I am experimenting with my first multi GPU code. My problem is relatively simplistic. There are thousands (over 65K for the test case) of computationally intensive, completely independent calculations that must be performed from a relatively small amount of input data (~10 MB in the test case). I get a great speedup on a single GPU - 30x on FX 5600 and 100x on FX 5800.
I am trying to split the computation amongst 4 Quadro FX 5600’s. Since the input data is tiny, I simply load all of the input onto each of the cards and split the output between them. I use win threads to launch four separate process, each of which calls cudaSetDevice with the appropriate thread number. I use cudaGetDevice and cudaGetLastError to verify that everything went according to plan.

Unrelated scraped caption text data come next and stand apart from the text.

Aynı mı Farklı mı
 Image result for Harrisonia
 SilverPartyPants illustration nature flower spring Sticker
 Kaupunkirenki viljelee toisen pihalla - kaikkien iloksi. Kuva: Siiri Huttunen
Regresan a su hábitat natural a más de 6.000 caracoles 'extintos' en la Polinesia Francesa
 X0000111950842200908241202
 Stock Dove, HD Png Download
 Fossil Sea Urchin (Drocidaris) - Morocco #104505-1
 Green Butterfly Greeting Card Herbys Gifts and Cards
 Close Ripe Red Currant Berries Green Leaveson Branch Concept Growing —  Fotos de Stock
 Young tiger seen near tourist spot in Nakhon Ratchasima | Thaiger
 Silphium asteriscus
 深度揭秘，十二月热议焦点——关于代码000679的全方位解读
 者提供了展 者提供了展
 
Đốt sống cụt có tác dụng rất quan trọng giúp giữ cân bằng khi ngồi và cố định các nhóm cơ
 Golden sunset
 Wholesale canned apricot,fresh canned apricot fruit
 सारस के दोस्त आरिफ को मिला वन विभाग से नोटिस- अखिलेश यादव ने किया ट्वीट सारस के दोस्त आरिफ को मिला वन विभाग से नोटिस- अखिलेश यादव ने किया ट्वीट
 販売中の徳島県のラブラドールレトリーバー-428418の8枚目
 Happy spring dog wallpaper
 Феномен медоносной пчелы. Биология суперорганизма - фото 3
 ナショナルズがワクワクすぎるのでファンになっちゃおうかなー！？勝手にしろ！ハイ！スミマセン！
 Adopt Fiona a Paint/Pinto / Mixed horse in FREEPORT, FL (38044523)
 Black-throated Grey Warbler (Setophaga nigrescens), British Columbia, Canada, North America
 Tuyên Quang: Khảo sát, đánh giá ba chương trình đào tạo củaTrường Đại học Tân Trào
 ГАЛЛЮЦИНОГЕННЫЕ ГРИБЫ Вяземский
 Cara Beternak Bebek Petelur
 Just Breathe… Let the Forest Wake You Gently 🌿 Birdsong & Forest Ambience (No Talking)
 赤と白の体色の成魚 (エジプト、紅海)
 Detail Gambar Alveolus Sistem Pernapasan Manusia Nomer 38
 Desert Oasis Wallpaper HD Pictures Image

cudaSetDevice(nDeviceToUse);
cudaGetDevice(&nActualDevice);
cudaError_t err = cudaGetLastError();
if ( cudaSuccess != err)
{
std::cout << "Cuda error: " << cudaGetErrorString(err) << std::endl;
}
std::cout << "Device #" << nDeviceToUse << " requested, Device #" << nActualDevice << " initialized." << std::endl;
Everything prints out as expected and appears to be going well. However, three of the threads complete in approximately 1/4 of the original time and the final thread takes twice as long as the others (it alone runs for half of the original run time)… The answers are OK (at least on a quick visual inspection). I have also verified that the work is being split appropriately.
Is there something I might be doing wrong?